Perdue isn’t the only GOP governor flirting with higher taxes. An analysis by the American Legislative Exchange Council (ALEC) notes that with nearly $100 billion in state deficit spending gaps to close this year (New York and California make up about half that shortfall), governors may end up raising taxes by half that amount, making 2003 the biggest tax-hike year ever for the states. And yes, many of the calls for the biggest tax increases are coming from Republicans. In Idaho, Gov. Dirk Kempthorne is seeking a 1.5 cent per dollar hike in the sales tax. In Arkansas, Mike Huckabee is lobbying for a sales tax hike and assorted other fee increases, as are Kenny Guinn of Nevada and Bob Taft of Ohio. One of the most cockeyed tax schemes has been advanced by John Rowland of Connecticut, who has called for a Clintonesque “millionaire income tax surcharge.” Eight years ago, Rowland first ran for governor as a Reaganite, vowing to eliminate his predecessor Lowell Weicker’s first-ever state income tax. Rowland not only swerved clear of that promise; now he wants to move from a flat 4.5 percent tax rate to a steeper, graduated rate structure. This is precisely what anti-income-tax groups in Connecticut feared all along: Once Weicker’s income tax was cemented in place, politicians would jack up rates during the first signs of financial trouble. So now, a state that flourished for 200 years without an income tax has a Republican governor who can’t conceive of any way to balance the budget without raising it.

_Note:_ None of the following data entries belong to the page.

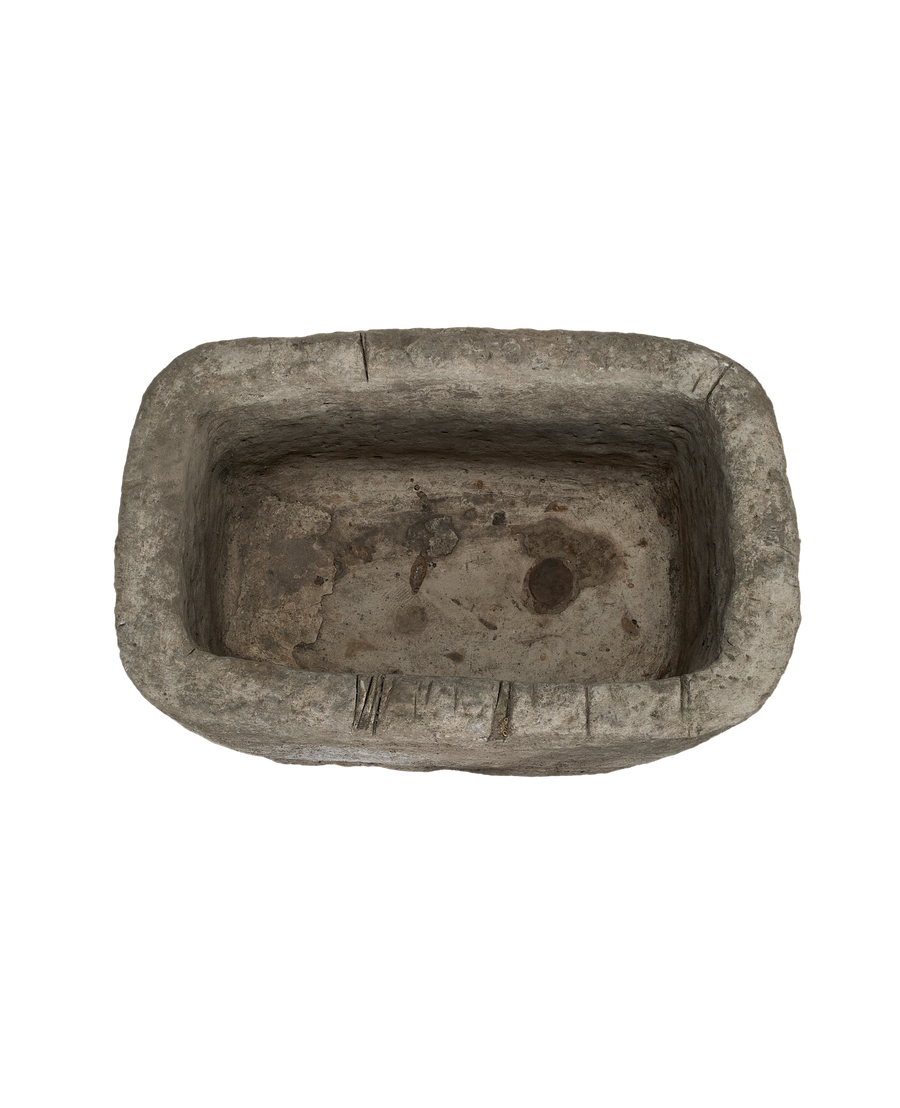 Vintage Indonesian rectangular limestone trough, showing distressed interior with earthy patinas and drain holes.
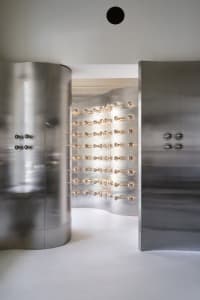 Minimalist interior with metallic aluminum walls and light bulbs on the wall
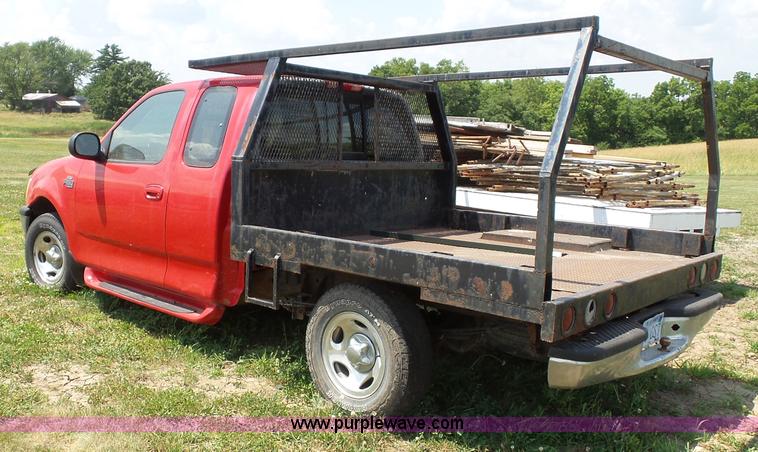 image for item J4898 1997 Ford F150 XLT flatbed pickup truck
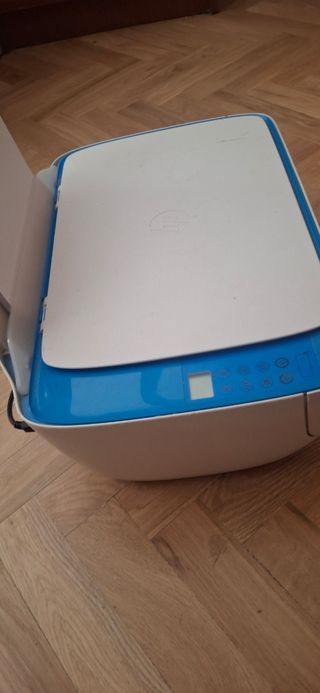 Impresora HP multifunción blanca y azul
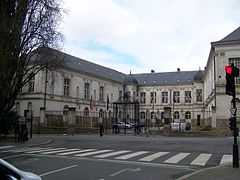 Cour encadrée par trois bâtiments, et fermée par une grille avec portail.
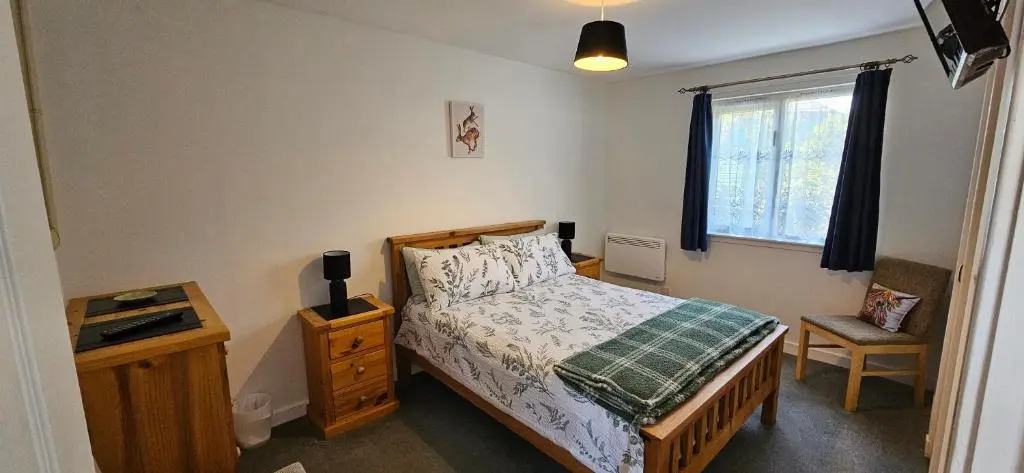 a small bedroom with a bed and a window at Arisaig Flat in Inverness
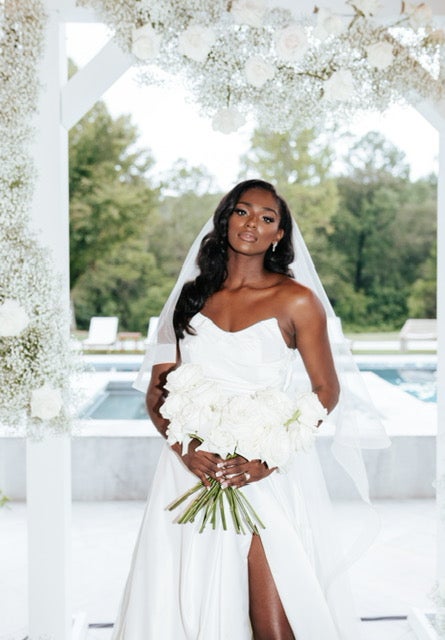 Lifestyle influencer, Nikki Baize, posing on her wedding day.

But here’s the really strange twist of fate in state-level politics: Suddenly many Democratic governors are shunning new taxes and trimming agency fat after a decade-long state spending feast. Admittedly it’s early, but so far there are signs that the 2002 elections ushered in a new breed of ambitious, politically non-suicidal Democratic governors, including Jennifer Granholm of Michigan, Ed Rendell of Pennsylvania, and Bill Richardson of New Mexico. They all seem keenly aware that the political graveyard is filled with the tombstones of Mario Cuomo, Michael Dukakis, and Jim Florio — class-warfare Democrats who raised taxes, wrecked their states’ economies, and were subsequently chased from office by unforgiving voters.
For now at least, these new-new Democrats are begging off broad-based tax hikes to plug budget holes and are actually cutting spending. Tennessee’s new governor, Phil Bredesen, has dismissed Republican predecessor Don Sundquist’s wildly unpopular call for a state income tax, and instead is seeking a 5 percent across-the-board spending cut to balance the budget. In Georgia, Democratic lieutenant governor Mark Taylor is pledging to fight any attempt by Sonny Perdue to raise taxes. “I am totally stunned that [Perdue] would take the easy way out and ask for tax increases,” he says. “We are not like Washington, D.C., Democrats. We will oppose the tax increases.”

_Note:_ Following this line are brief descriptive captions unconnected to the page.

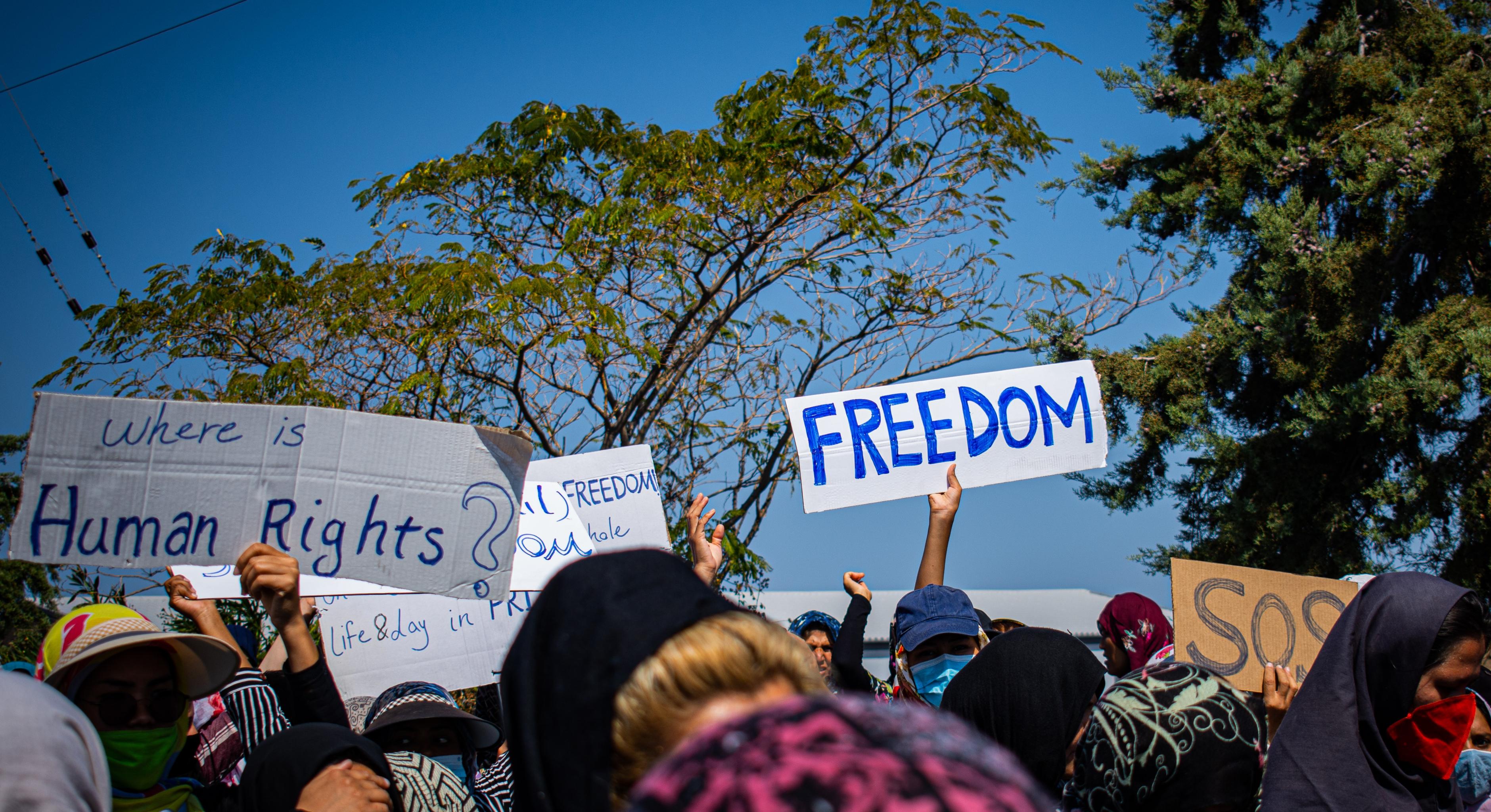 Protestierende Menschen halten Schilder hoch mit der Aufschrift "Freedom" und "Where is Human Rights?"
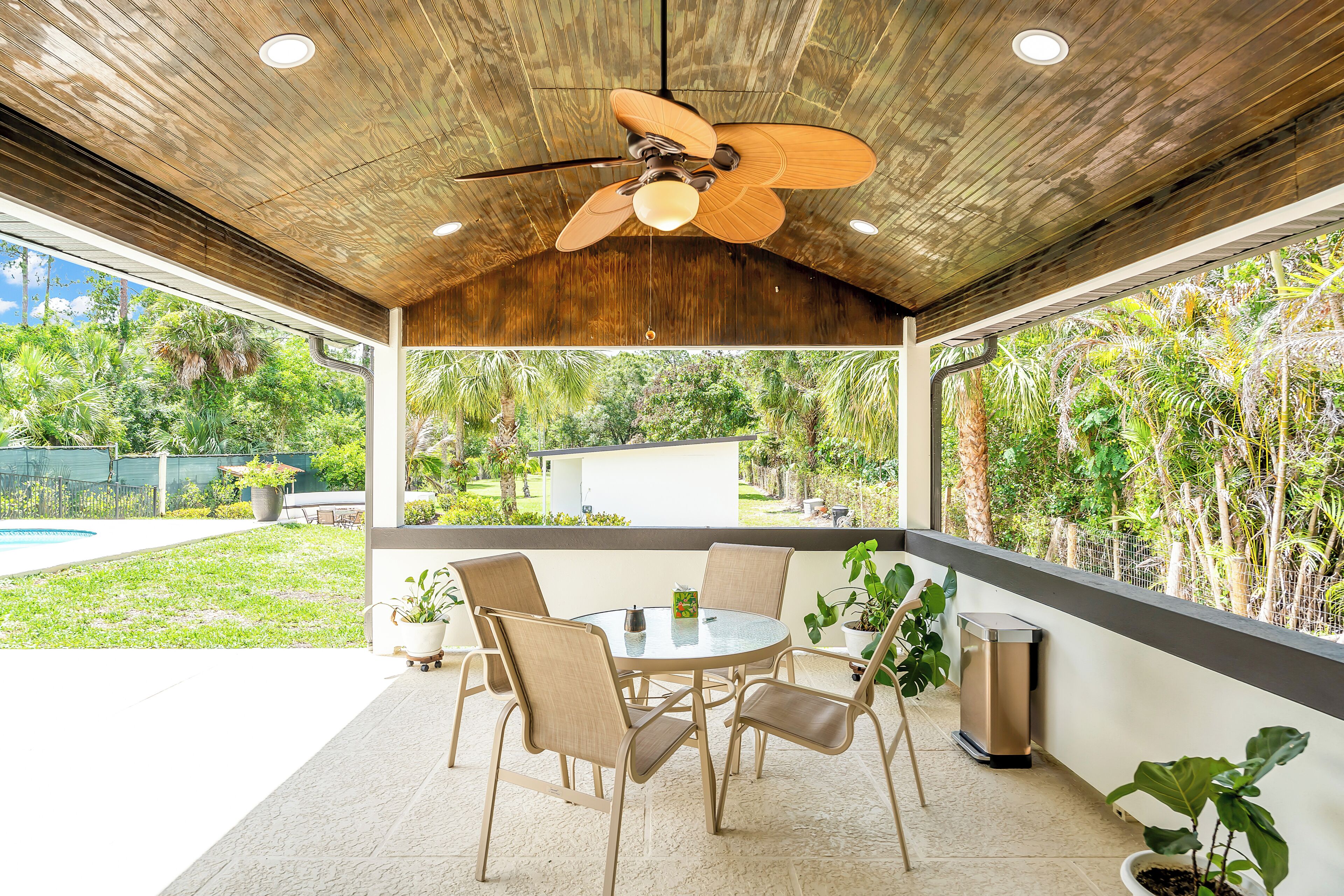 A covered patio with a ceiling fan, a round table, and chairs, overlooking a lush garden.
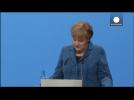 Merkel celebrates coalition deal with Social Democrats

Contrast that common-sense approach with the strange goings-on in Idaho. Kempthorne stunned even his most enthusiastic supporters in January by endorsing what would be the biggest tax increase in Idaho history. “I will not preside over the dismantling of state government or jeopardize our bond rating,” Kempthorne announced sanctimoniously. Actually, states that raise taxes are more likely to have a subsequent bond rating deterioration than states that cut their budgets and cut tax rates.
Kempthorne’s claim that there is no fat left to trim from bare-knuckled budgets is worth refuting, because this is the standard assurance of tax-hike advocates across the country. In many states, governors are threatening to open the prisons and shut down the schools if they don’t get a new infusion of tax revenues. Kempthorne says he’d have to lay off nearly half the state troopers without new taxes. In Virginia, Democratic governor Mark Warner closed 12 Department of Motor Vehicles offices for several days a week. (They are now being reopened.) In Oregon, the governor put an income-tax-hike initiative on the ballot, which contained blackmail language warning voters that a no vote would cause schools to close a month early and force convicted felons to be immediately released from maximum security prisons. Still, more than 55 percent of the voters said no thanks to new taxes.

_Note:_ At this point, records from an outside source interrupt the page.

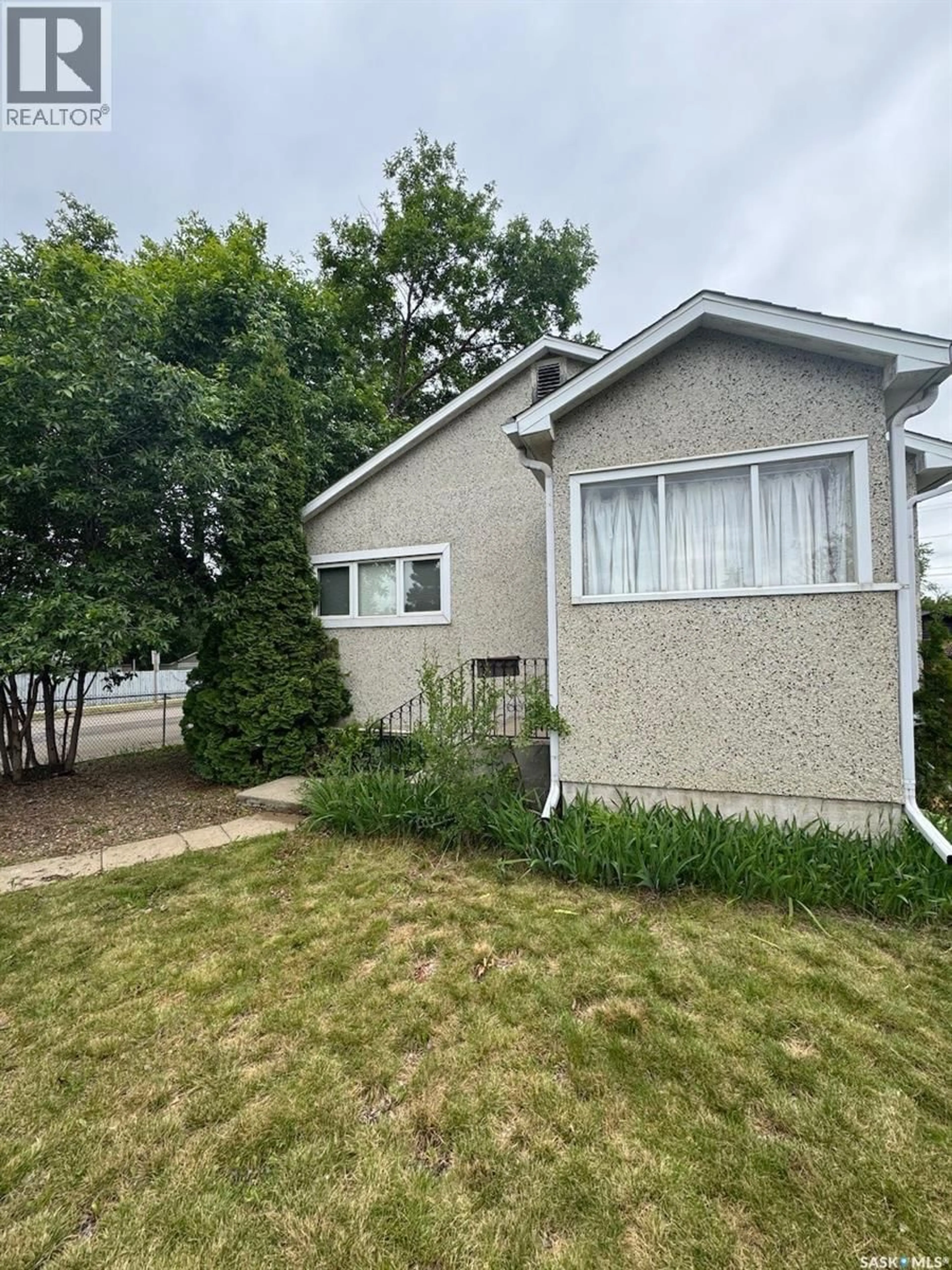 Home with vinyl exterior material, street for 1301 107TH STREET, North Battleford Saskatchewan S9A1Z6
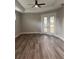 Bright living room with wood-look floors, tray ceiling, and a fan overlooking the yard at 16305 Branco Dr, Punta Gorda, FL 33955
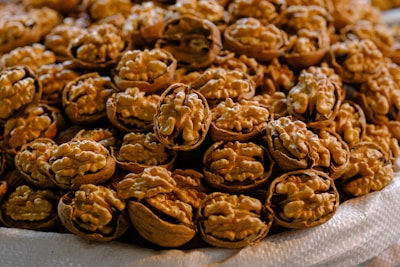 Fresh walnuts with shells cracked open, showcasing their creamy texture.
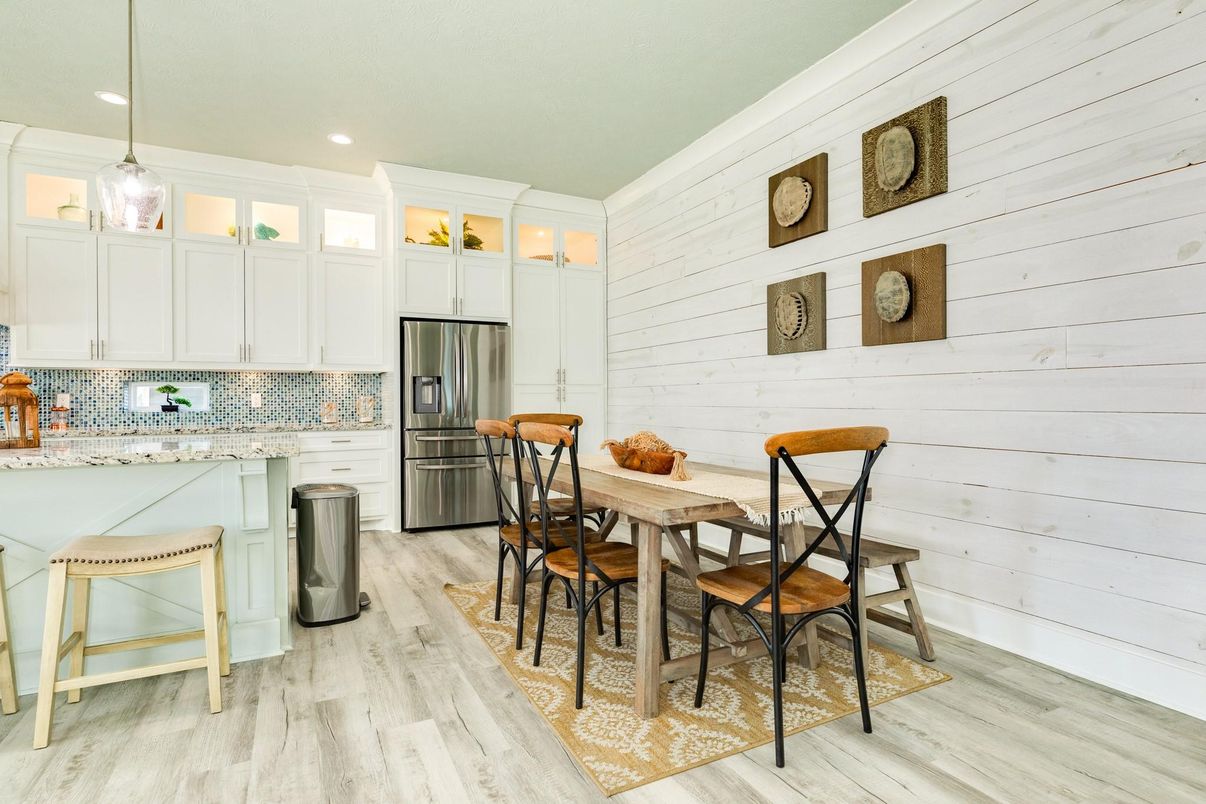 Dining room, Interior, Kitchen, Pendant Lights, Recessed Lighting, Stainless Steel Appliances, Wood Texture Flooring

Now for a reality check: State lawmakers have been on the biggest spending binge in history over the past decade. Idaho’s budget has grown 109 percent since 1990, and tax receipts grew even faster. How could a state budget that’s doubled in size in just 12 years not have room for modest spending cuts? One wonders how Idaho residents ever survived for so long without all the new programs encrusted into the budget over the past decade of super-sized spending.
And so it goes in almost all the states pleading fiscal poverty today. A new Cato Institute study finds that if over the last decade state budgets had grown only at the rate of populations plus inflation, the states would have enough money not only to balance their budgets, but also to send every family in America a $600 refund check. The study also shows that states that spent the most have the worst budget deficits today. The states that instead prudently cut taxes during the high-tech boom years of the 1990s generally have the most manageable budget woes. For eight years the nation’s biggest skinflint governor was Gary Johnson of New Mexico, who vetoed over 1,000 spending items and cut taxes 14 times. Today, New Mexico is only one of 4 states without a budget deficit.
But Gary Johnson left office last month. In fact, when looking at the talent pool in the statehouses these days, one has to wonder: Whatever happened to all the crusading anti-tax Republican governors who dominated American politics in the mid-1990s? A decade ago, star-quality governors like William Weld of Massachusetts, Christie Whitman of New Jersey, George Pataki of New York, John Engler of Michigan, and later George W. Bush of Texas helped redefine the image of the GOP–stamping it with a supply-side agenda of lower taxes, leaner budgets, and less government meddling.
“Tax increases only destroy wealth and unbalance state budgets,” Engler declared as he took office in the midst of the last national recession. Today’s governors could learn a lot from Engler. When he became governor, Michigan had a decomposing industrial base, a $1.5 billion budget deficit, and one of the poorest bond ratings in the nation. Engler’s prescription was heady but controversial: He squashed all talk of tax hikes, cut job-destroying income and business taxes by $2 billion, fired several thousand redundant government workers, ended welfare assistance for employable adults, streamlined dozens of agencies, and earned the enduring enmity of the left-wing establishment in Michigan for his ideological heavy-handedness. The result? Michigan emerged from the recession and laid the fiscal foundation for what became known during the rest of the decade as the Michigan Miracle, as the state led the nation in declining unemployment.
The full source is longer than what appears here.